━━ Material for this task
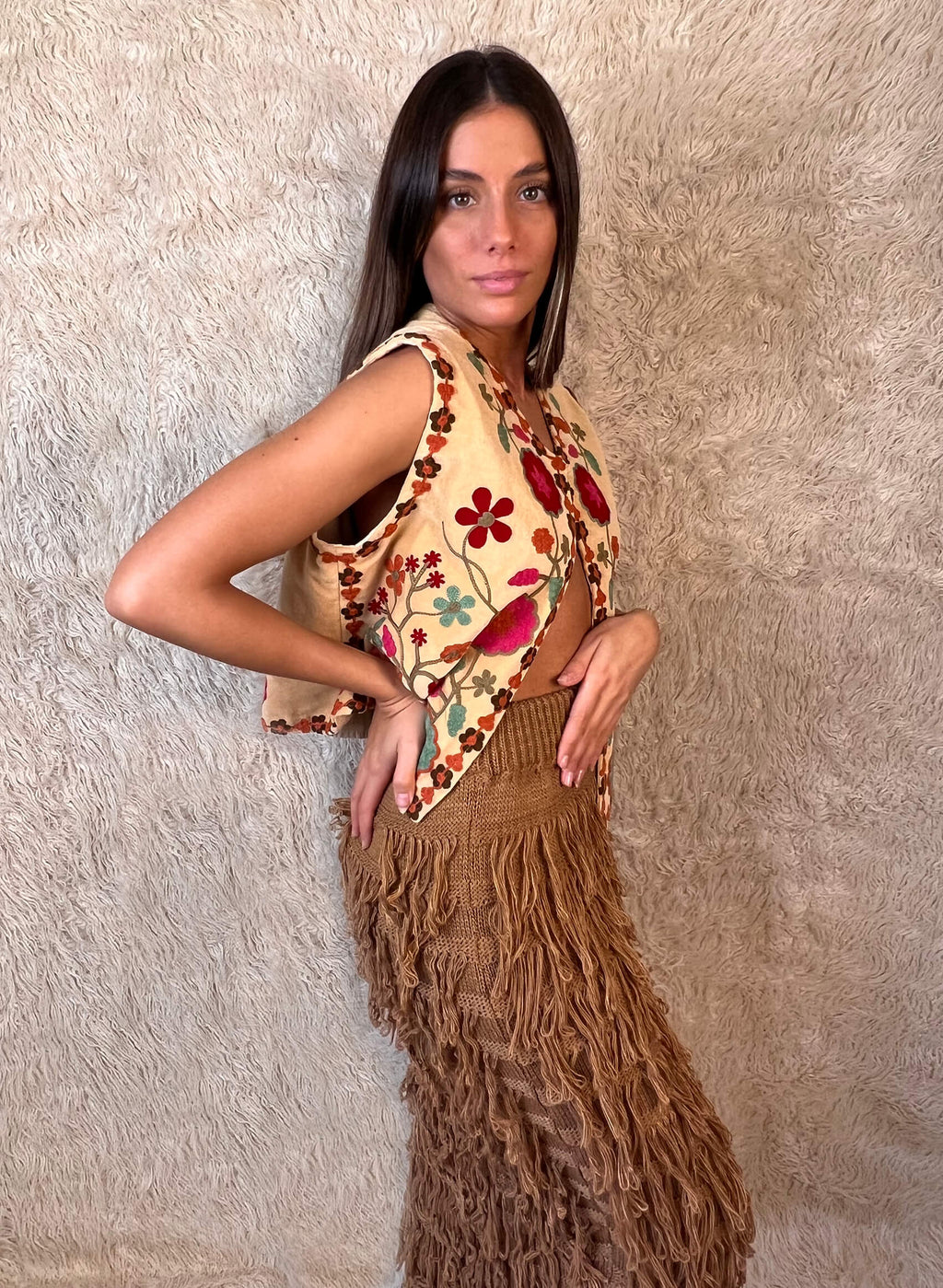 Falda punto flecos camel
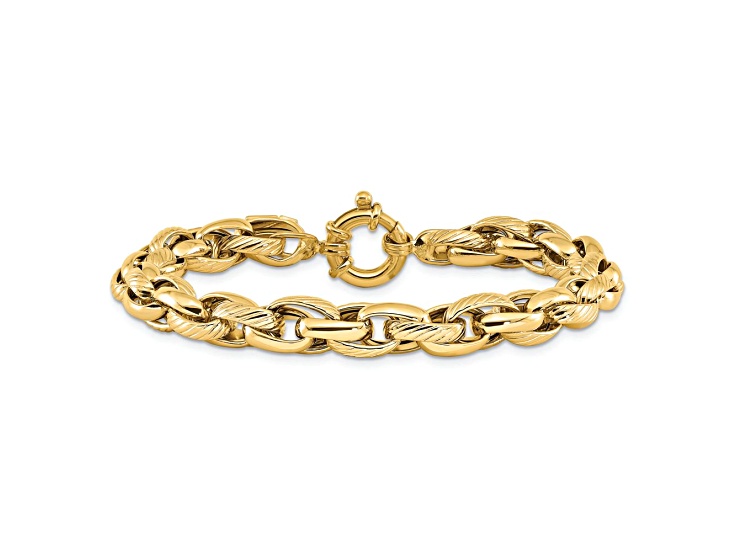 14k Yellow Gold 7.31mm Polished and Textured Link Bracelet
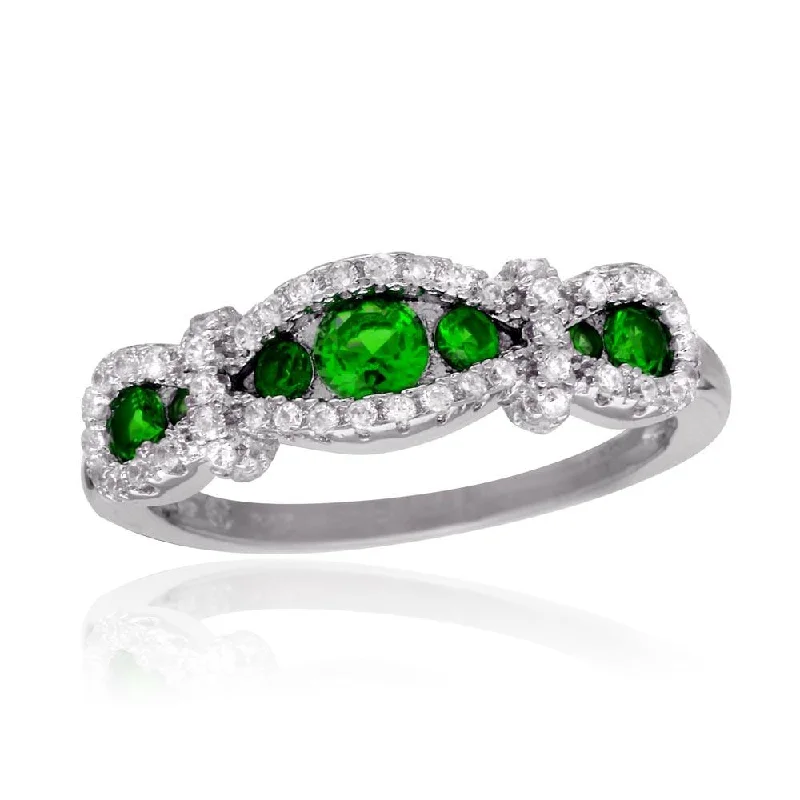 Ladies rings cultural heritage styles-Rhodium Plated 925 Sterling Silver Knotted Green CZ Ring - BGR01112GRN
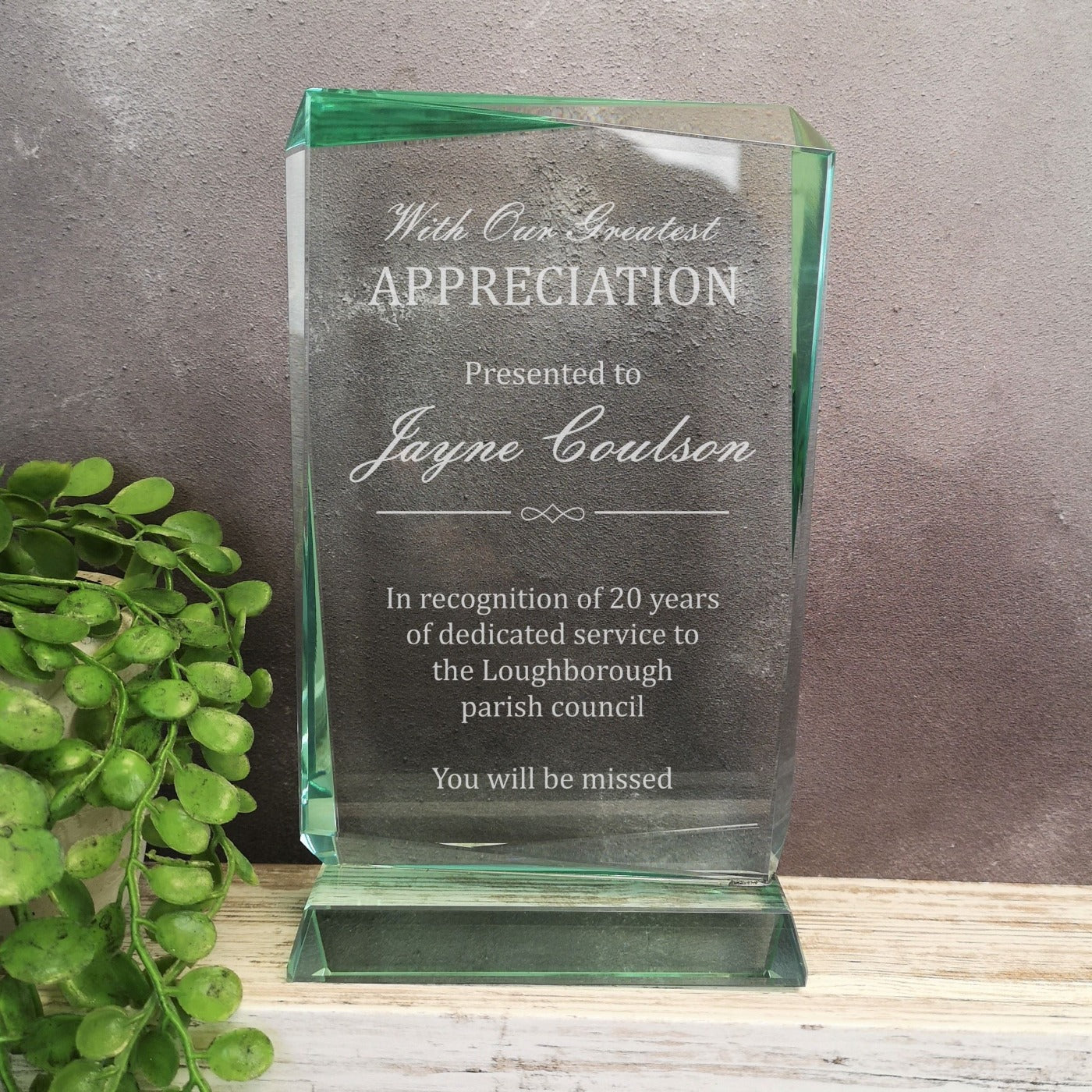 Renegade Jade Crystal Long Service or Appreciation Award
━━━━
━━ Material for this task
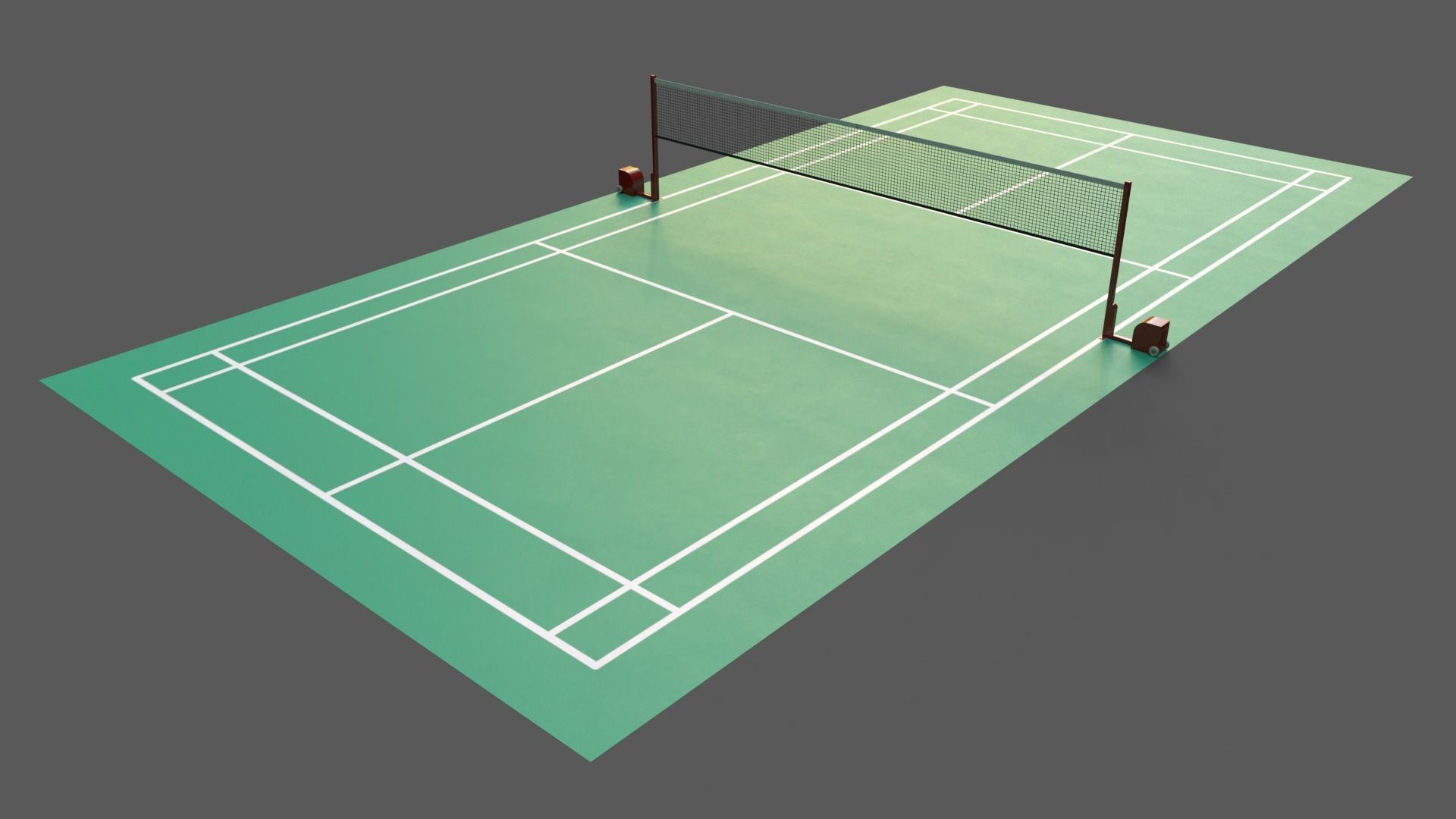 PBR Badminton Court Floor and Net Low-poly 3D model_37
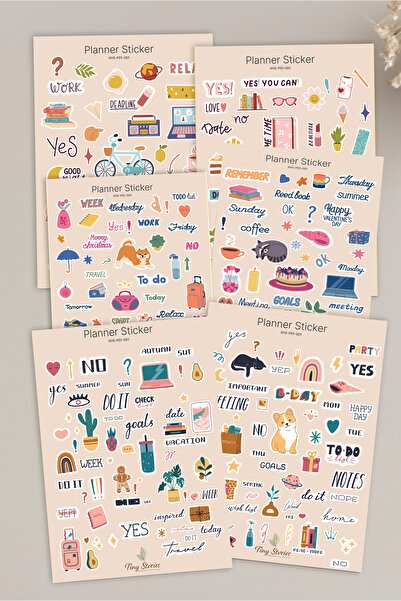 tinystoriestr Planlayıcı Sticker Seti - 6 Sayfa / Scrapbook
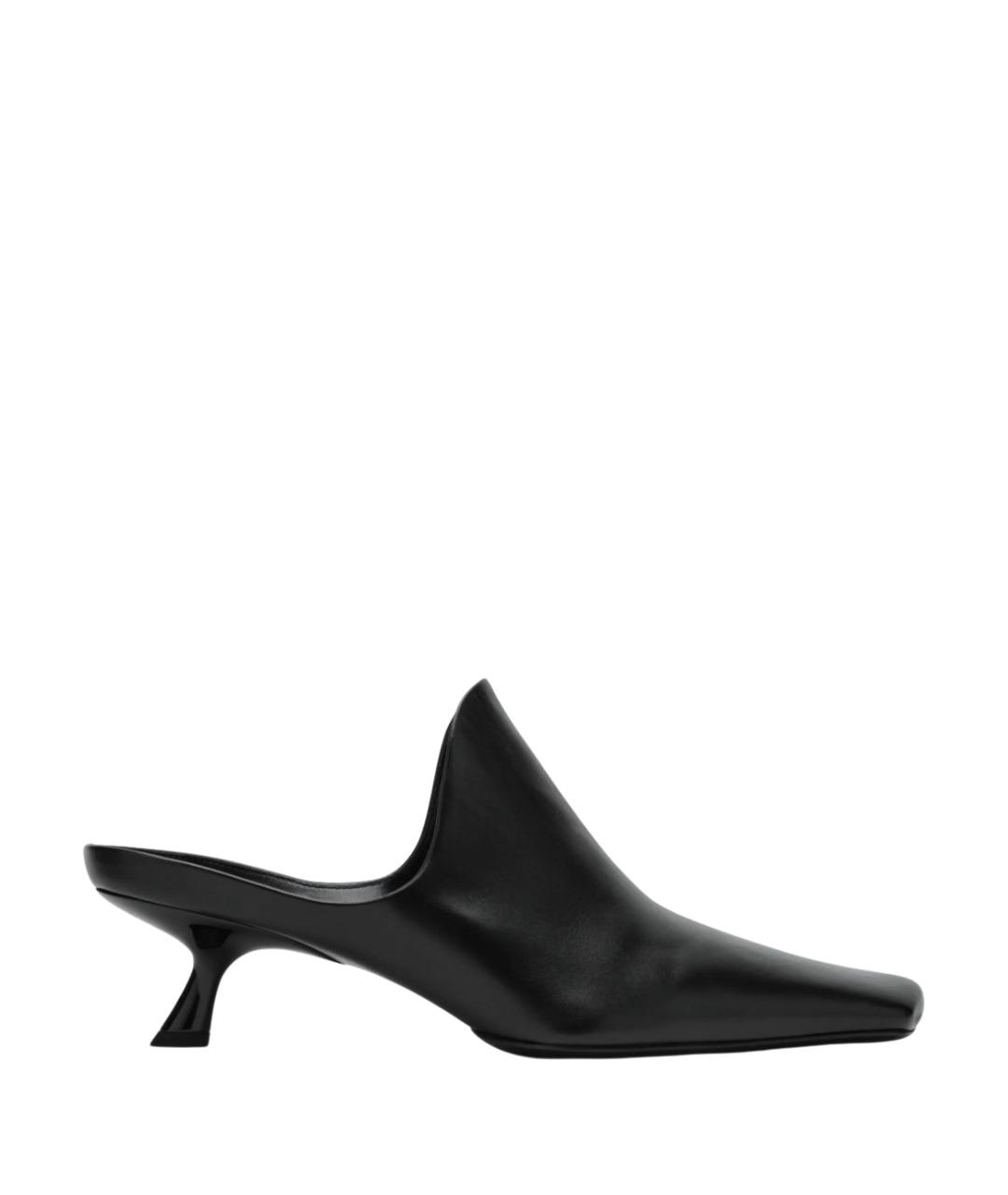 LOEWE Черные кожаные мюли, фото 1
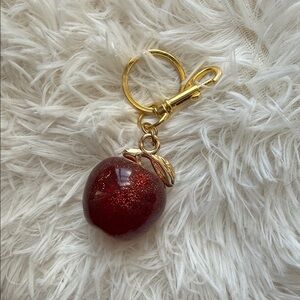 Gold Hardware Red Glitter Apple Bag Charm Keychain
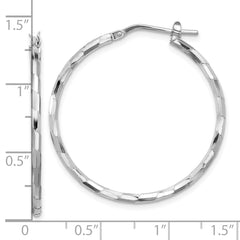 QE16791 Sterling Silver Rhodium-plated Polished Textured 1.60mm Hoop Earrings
━━━━
◆ Assignment: Going back to the data above, write out everything from the line with "Ladies rings cultural" down to the line with "Renegade Jade Crystal", both included, leaving every picture out.

◆ Result for this task:
 Ladies rings cultural heritage styles-Rhodium Plated 925 Sterling Silver Knotted Green CZ Ring - BGR01112GRN
 Renegade Jade Crystal Long Service or Appreciation Award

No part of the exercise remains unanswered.